In Toronto he settled in, and he stayed. The Canadian Institute for Advanced Research, a foundation built specifically to back long-horizon ideas that ordinary grant committees would not touch, gave him a fellowship and the kind of patient money that does not demand a product next year. It was an arrangement perfectly suited to a man working on something the rest of the field thought was finished. He built a lab. He took students, and the students took students, and slowly an institution grew up around a man who had been told, decades earlier, that he was wasting his life on a dead idea. The idea was still marginal. But it was alive, and it had a home, and it had a stubborn keeper who had never once been persuaded that the consensus of his field was the same thing as the truth.

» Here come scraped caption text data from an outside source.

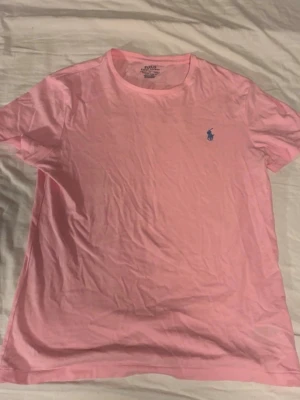 Rosa t-shirt från Ralph Lauren - Snygg rosa t-shirt från Ralph Lauren med klassisk passform och blå logga broderad på bröstet. Tillverkad i mjuk bomull och har rund halsringning samt korta ärmar. Perfekt för en avslappnad och stilren look.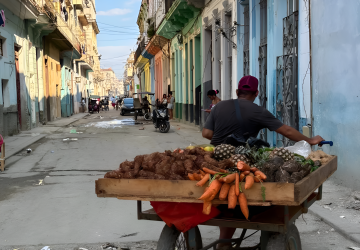 A man in Cuba rolls his fruit stand.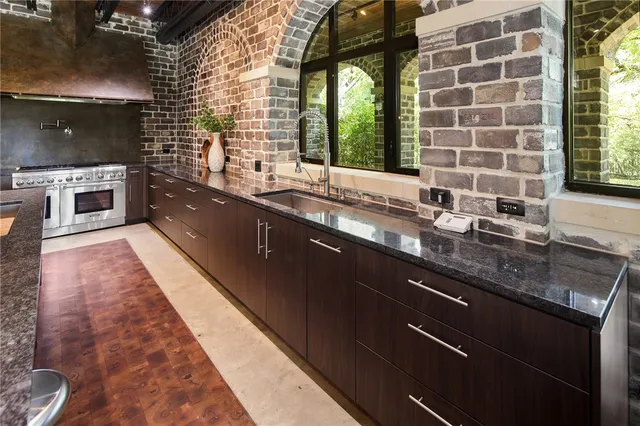 a bathroom with a sink a toilet a mirror and shower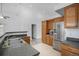 Traditional kitchen featuring wood cabinets, stainless steel appliances, and granite countertops at 4320 Snowbird Ave, Broomfield, CO 80020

What none of them had yet was the one ingredient that would eventually settle the argument in their favor: scale. The networks were too small and the computers too slow to show what the principle could really do. That would come. And the person who would carry the next piece of the work, who would take backpropagation and convolution and turn them into a system that read a meaningful fraction of America’s checks, was a young French engineer who had read a single sentence about the perceptron and decided it would be his life. He found his way to Hinton’s lab in Toronto, and then to Bell Labs, and into the second winter that was waiting just ahead.